Task brief: Whenever the word "photo" shows up in a line of the data, copy that line.

Extracted data entries

==*==

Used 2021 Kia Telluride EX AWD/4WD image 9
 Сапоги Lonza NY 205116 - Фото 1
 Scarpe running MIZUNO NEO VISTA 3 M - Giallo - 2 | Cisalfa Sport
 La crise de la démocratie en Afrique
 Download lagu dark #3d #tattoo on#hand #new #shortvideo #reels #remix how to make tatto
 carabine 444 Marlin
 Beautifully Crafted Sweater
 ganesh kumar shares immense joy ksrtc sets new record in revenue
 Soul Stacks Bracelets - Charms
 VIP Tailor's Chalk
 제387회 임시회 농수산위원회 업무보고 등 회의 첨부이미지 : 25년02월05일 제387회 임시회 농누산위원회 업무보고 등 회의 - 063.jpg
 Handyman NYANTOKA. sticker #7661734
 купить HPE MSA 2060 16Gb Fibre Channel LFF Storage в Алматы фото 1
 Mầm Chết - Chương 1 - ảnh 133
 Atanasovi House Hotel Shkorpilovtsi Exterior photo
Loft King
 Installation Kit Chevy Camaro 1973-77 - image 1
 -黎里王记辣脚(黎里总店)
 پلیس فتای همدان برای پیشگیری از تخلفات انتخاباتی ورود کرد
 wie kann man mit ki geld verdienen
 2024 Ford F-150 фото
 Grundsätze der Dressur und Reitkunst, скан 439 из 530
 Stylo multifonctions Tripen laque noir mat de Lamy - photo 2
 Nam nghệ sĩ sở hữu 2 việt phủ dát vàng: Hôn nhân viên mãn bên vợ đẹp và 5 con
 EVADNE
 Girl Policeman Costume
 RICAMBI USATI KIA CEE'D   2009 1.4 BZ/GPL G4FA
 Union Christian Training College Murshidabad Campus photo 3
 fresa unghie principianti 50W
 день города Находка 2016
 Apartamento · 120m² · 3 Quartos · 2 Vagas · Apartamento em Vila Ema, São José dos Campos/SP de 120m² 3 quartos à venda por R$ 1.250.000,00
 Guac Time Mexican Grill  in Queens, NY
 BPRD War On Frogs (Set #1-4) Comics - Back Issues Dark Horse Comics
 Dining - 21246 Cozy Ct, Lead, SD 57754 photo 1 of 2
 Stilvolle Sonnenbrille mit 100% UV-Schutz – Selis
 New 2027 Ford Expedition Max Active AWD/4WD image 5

==*==

Solution:
 Atanasovi House Hotel Shkorpilovtsi Exterior photo
 Stylo multifonctions Tripen laque noir mat de Lamy - photo 2
 Union Christian Training College Murshidabad Campus photo 3
 Dining - 21246 Cozy Ct, Lead, SD 57754 photo 1 of 2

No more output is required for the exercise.